Сергей Борисов уже оправился от сильного волнения.

- Сначала мной занялись королевские тюремщики. Три года каторжных работ в Гавре. Выручил однополчанин, ветеран Старой Гвардии. После каторги я пользовался его гостеприимством в родовом имении, в Бретани. Когда он скончался, я покинул Францию. Решил: будь что будет. Вернусь домой, покаюсь. Непременно перед императором. Он высший судия. Его приговор будет окончательным и справедливым. Его прощение  никому не позволит выдвигать против меня новые обвинения. Явись я сразу  в полицию, то участь моя была бы неопределённа. Скрываться под чужим именем, играть новую жизнь уже не было сил. Словом, я решился. Сначала оказался в Варшаве.  Там, узнаю, находится ваше величество (обнадёживающий знак!). Вы открывали тронной речью заседание сейма.  Дальше двигался вслед за царским поездом. И вот я здесь перед вами, мой государь. Смиренно прошу снисхождения и склоняюсь перед вашей волей, каким бы ни было решение вашего величества.

Наступила пауза. Царь сидел на пне, похлёстывая в раздумье прутом по лаковому ботфорту.  Дезертир, бывший ротмистр гусарского полка, стоял перед ним поникший.  От душевной усталости лицо его посерело, казалось старым, чему способствовала седина в русых волосах, не гармонирующих с цветом кожи  и общим восточным обликом. Наконец государь поднялся, вынудив  своего собеседника смотреть снизу вверх.

- Я приму решение. Мне надо подумать. Вы где остановились?

- Булочная Шварца, ваше величество.

- Хорошо, в пятницу ждите меня на этом месте, в четыре часа пополудни.

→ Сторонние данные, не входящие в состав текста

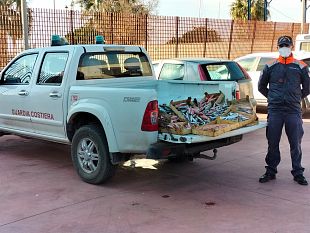 trapani-sequestrati-oltre-55-kg-di-prodotti-ittici-privi-di-tracciabilita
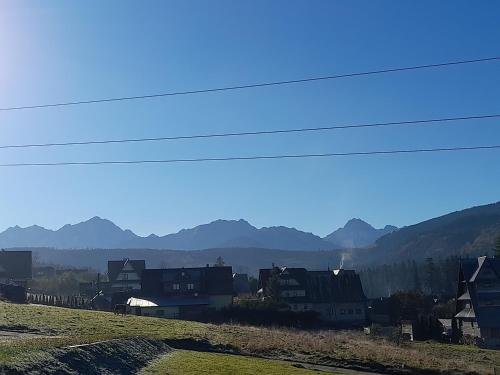 Domki nad Borem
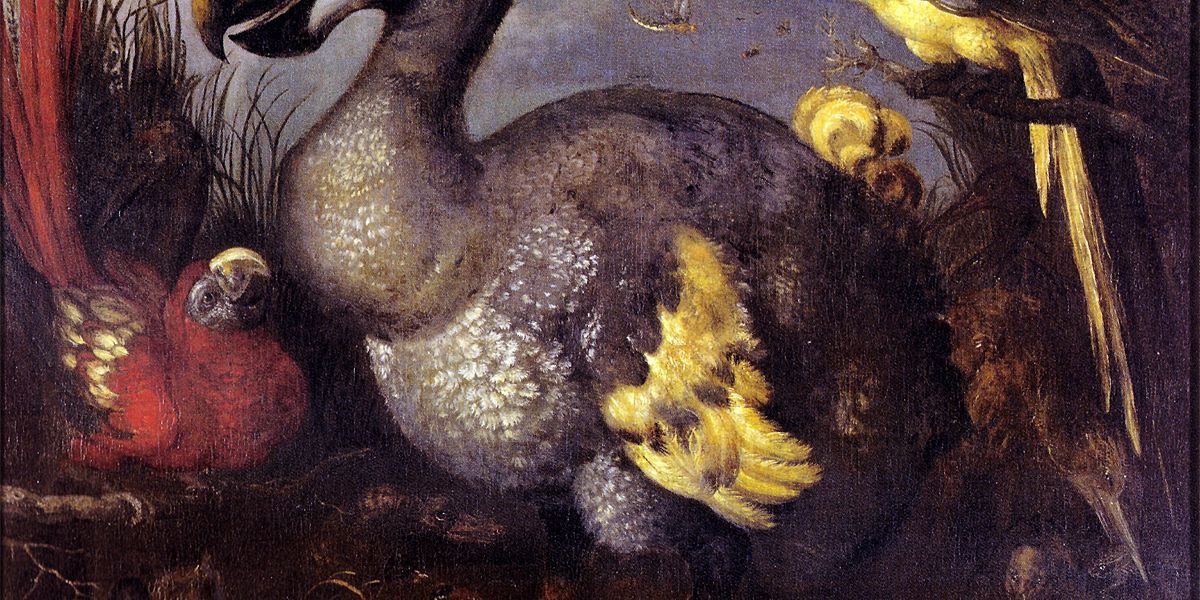 Vollständig rekonstruierte DNA: Lässt sich der Dodo nun von den Toten zurückholen?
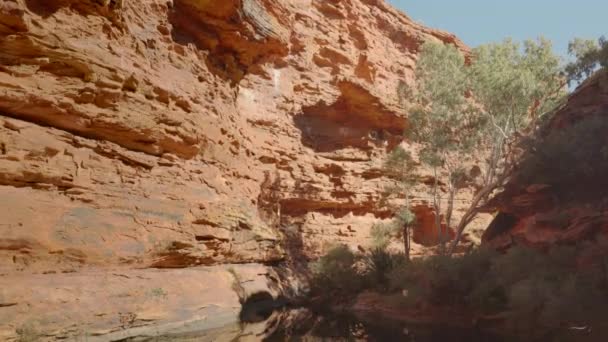 Een Kantelen Shot Van Tuin Van Eden Bij Koningen Canyon — Stockvideo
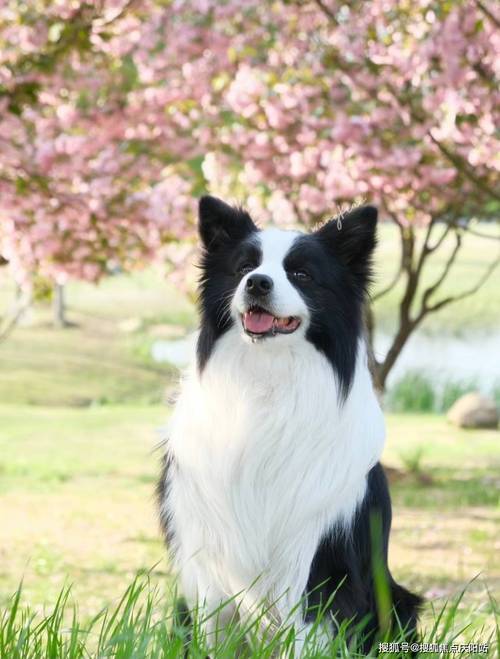 边境牧羊犬选购时需注意些什么，边境牧羊犬选购时需注意些什么问题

И вдруг подал руку. Гусар не знал дворцового этикета, но догадался поцеловать поверх перчатки. Казалось, глаза царя улыбались.

Проситель осмелел:

- Ваше величество, неужели вы доверяете моему слову?  Я нарушил присягу, я бывший каторжник, я проник в Россию незаконно, я…

-Вы придёте в пятницу, сын Борисов, - прервал его сбивчивый монолог император, и внезапно из глубин его памяти всплыл другой «сын Борисов». Александр обладал способностью с одного раза запоминать имена и звания. – Скажите,  у вас есть брат Андрей?

- Если остался жив. Артиллерийский поручик. Последний раз мы виделись в двенадцатом году.

- Штабс-капитан, - поправил царь. – Он отличился на моих глазах под Парижем. Вместе с повышением в звании был пожалован фамилией. Так что брат ваш сейчас… м-м-м, Корнов… нет, Корнин.

Александру показалось, что брат упомянутого артиллериста посмотрел на него как-то странно. На самом деле, Корсиканец был поражён. Не столько известием о брате. Дарованная царём фамилия Андрею, со слогом «кор», вызвала в нём волнение. Ведь и его, Сергея, кличка содержала этот слог, ставший мистическим.

Он пропустил момент, когда царь поднялся с пня и направился вниз по просеке в сторону Царского Села. Догнать не решился. Присел на освободившийся пень. Впервые подумал о том, что не случайно, несмотря на все превратности судьбы, серебряный обрубок блюдца сохранился при нём.